A cet effet, il soutient que « la République a ses règles et nul n’a un blanc-seing pour dire tout ce qui lui est loisible. C’est la réputation et l’honorabilité des sujets sur lesquels on écrit qui en pâtissent. Donc, nécessairement, il faut savoir raison garder ». Sarakh Ndiaye insiste sur le fait que les journalistes doivent respecter les textes qui régissent leur métier. « Du fait des rapports de forces et des enjeux de pouvoir de toutes sortes, les journalistes deviennent des armes redoutables dans les guerres d’opinion. Ils sont alors à la merci des manipulations allant dans le sens de faire pencher la balance en faveur d’un camp. Et les intéressés ne lésineront pas sur tous les moyens imaginables pour parvenir à leurs fins.
Face à cette donne, seule la conformité aux règles professionnelles et éthiques peut sauver le journaliste », a-t-il conclu. Pour le chargé de communication du Cored (Conseil pour le respect des règles d’éthique et de déontologie), Samba Dialimpa Badji, le journaliste ne peut pas tout se permettre dans l’exercice de son métier. « L’exercice du travail de journaliste est encadré par la loi. Il y a d’abord le code pénal qui énumère dans sa section 6 les infractions commises par tous moyens de diffusion publique. C’est le cas de la diffusion des fausses nouvelles, de la diffamation. Il y a ensuite le code de la presse qui parle des devoirs des journalistes. Ces deux textes montrent clairement que le journaliste ne peut pas tout dire sans être inquiété », rappelle Samba Dialimpa Badji.
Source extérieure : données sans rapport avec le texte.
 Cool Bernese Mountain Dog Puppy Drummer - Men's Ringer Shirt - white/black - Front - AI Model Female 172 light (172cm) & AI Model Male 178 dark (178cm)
C’est dans la même lancée qu’abonde l’ancien directeur de publication du quotidien « EnQuête », Ibrahima Khalil Wade. « Je pense que la liberté des uns s’arrête là où commence celle des autres. Ce principe sur la liberté est sacré. Partant de ce fait, nul n’a le droit, au nom de la liberté, de porter préjudice ou bien du tort à ses semblables à travers ses écrits, paroles ou comportements. Ces remarques sont plus valables encore chez le journaliste. Ce dernier n’est pas n’importe qui dans une société, son rôle est certes d’informer vrai et juste, mais il ne doit jamais perdre de vue que : tout ne se débat pas. Il y a des lignes rouges à ne pas franchir. Et il est de notre devoir de dénoncer tous ceux qui, pour une raison ou une autre, tentent de semer la zizanie dans notre nation. Personne n’a le droit d’anéantir notre cohésion sociale », estime Ibrahima Khalil Wade.
A l’en croire, la liberté de presse n’autorise pas le journaliste à verser dans les excès. « Liberté ne signifie pas libertinage. Il faut de la mesure et de la responsabilité en tout. Il est grand temps que les gens reviennent à la raison. Si la pirogue Sénégal sombre, personne ne s’en relèvera. D’où l’intérêt pour tous les acteurs, y compris et surtout les journalistes, de prendre de la hauteur et d’être plus responsables dans les actes qu’ils posent au quotidien », a conseillé, pour conclure, l’ancien directeur de publication du quotidien « EnQuête ».